Cold Hands, Warm Hard Drive

As this tenacious disease continues to attack my body, I am forced to rely on others for so much of my day-to-day life. Accepting this was extremely difficult in the beginning but I have learned to not only accept it, but embrace it. I now find myself reliant on humans as well as technology throughout the day.

"Take care," is an overused statement typically said in passing or at the end of an email but it has become a way of life for me. I literally take care; it is how I still live what I consider a very full and happy lifestyle. I am so thankful to have come across some amazing caregivers and have such a strong support system from my friends and family.

However, human relationships can be difficult no matter the circumstances. The relationship between caregiver and patient (I hate that word) is a very delicate one given the amount of help someone with ALS can require. Let's just say I have gone through caregivers like Murphy Brown went through secretaries. There was the one who looked like Shrek, the one who looked like Tyler Perry (from any of his movies where he is in drag) and the young blonde who treated her hours like she was working retail.

It is important to remember that this person is not only cooking for me, they are feeding me. They are not only helping me get dressed, they are helping me shower. Imagine interviewing someone and two hours later having him or her scrubbing your chest with a long handle loofah like an animal at the zoo.

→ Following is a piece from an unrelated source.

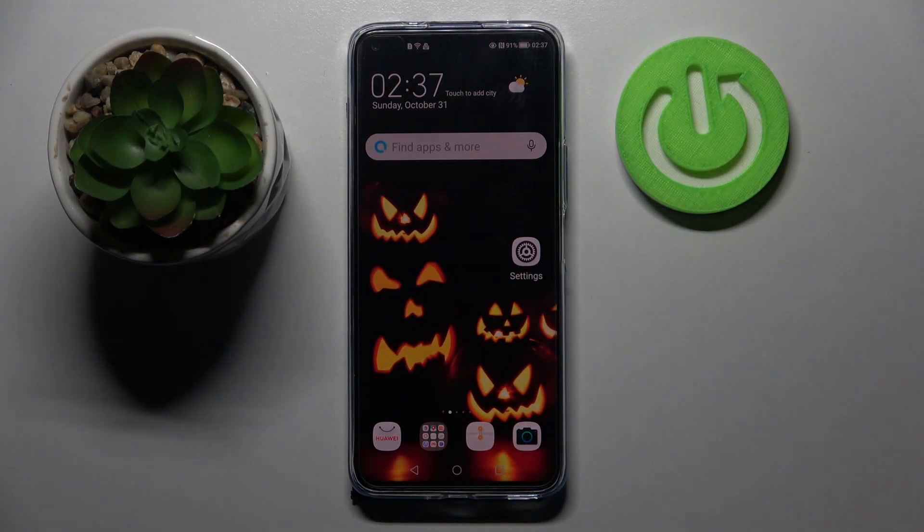Hi! In front of me is Huawei Nova 8i and today I would like to show you how you can set up screen lock on this Huawei.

Not to mention the awkwardness of scrubbing Mr. you-know-who!

Thankfully, I have two wonderful caregivers right now. They help me get the day started, and I know I am not always the easiest person to deal with, especially before I've had my morning coffee. But who is, right?

If a caregiver gets my day started, its technology that keeps my day moving. I currently use Dragon Dictate, a speech recognition software program that allows me to talk instead of typing. I still have use of my hands and am able to use a mouse and maneuver my way through about the work day. Our foundation currently has one full-time employee, who is paid part-time wages and that is, yours truly. I love my work, my team members, what we've accomplished, but more importantly what we're going to accomplish in the future.

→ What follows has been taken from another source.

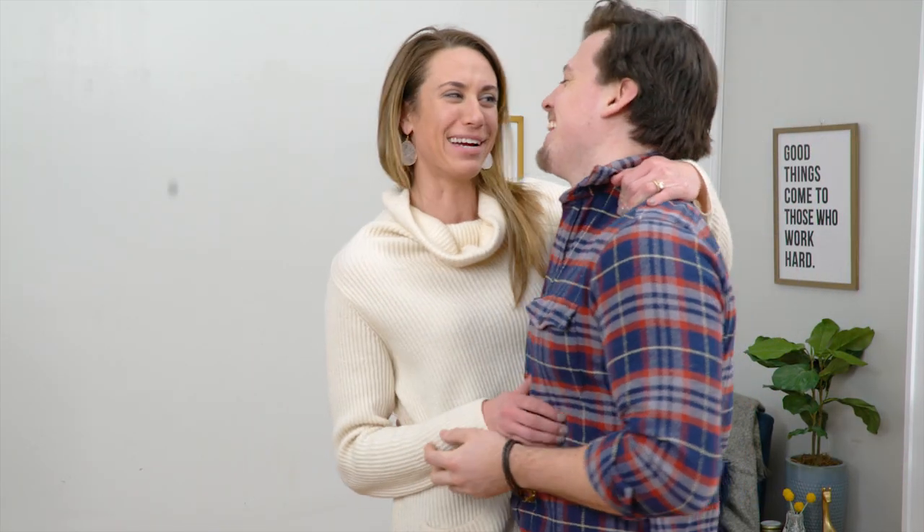Come say bye. Isn't he just the cutest? I'm marrying him, I really am. Bye guys, we'll see you all next time.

I am at my desk all day with the exception of meals and therapy appointments. I can use my iPhone to adjust the temperature or raise the blinds, on another point for technology. If my hands fail and my voice follows, I do have some new piece of mind and his name is Tobii.

Tobii manufactures the hardware and software that enables people with ALS to operate a computer with their eyes. I know this sounds like something out of Star Trek, but I assure you it is not. It is all a little scary using it now as I don't necessarily need it -- but probably like a skydiver, it's good to have a backup chute just in case.

Without technology I would truly be lost right now. It allows me to operate on a level playing field to the rest of the world. It allows me to connect in every sense of the word. Because of this terrible disease I need help every day, and you know what? That's alright by me!